Valuable books, like valuable men, can be identified by the enemies they attract. The Politically Incorrect Guide to American History, published last December and a New York Times best-seller for many weeks, attracted all the right ones.

The book is a breezy, fact-laden and idea-rich sequential review of America's past from a classical liberal perspective. Author Thomas Woods, a frequent contributor to LewRockwell.com and author of several compelling historical polemics, knows how to hold his readers.

Woods does not directly address the immigration issue, although the debate that led to the cut-off of the 1880-1920 Great Wave could certainly do with his revisionist approach. But in his opening chapters he makes the crucial point: a chief element in the initial success of the infant United States was their relative cultural homogeneity.

In his chapter on the American founding, Woods echoes the position of John Jay, who thanked divine Providence for providing the new nation with a culturally almost uniform population.

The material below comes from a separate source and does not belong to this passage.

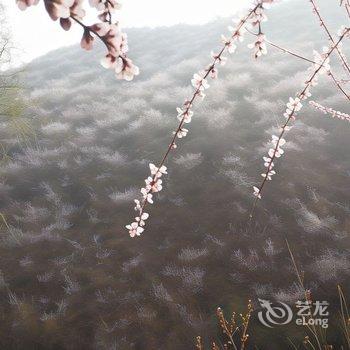 北京节气山房民宿酒店提供图片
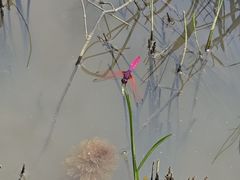 -云溪植物园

This was one of the late Sam Francis' favorite passages in The Federalist Papers. (Samuel Huntington, interestingly, notes in Who Are We? that slaves also partook in this homogeneity, absorbing their language, religion, and worldview from their owners.)

Woods also cites Alexander Hamilton, who wrote that a republic depended for success

"essentially on the energy of a common national sentiment; on a uniformity of principles and habits; on the exemption of the citizens from foreign bias, and prejudice; and on that love of country which will almost invariably be found to be closely connected with birth, education, and family."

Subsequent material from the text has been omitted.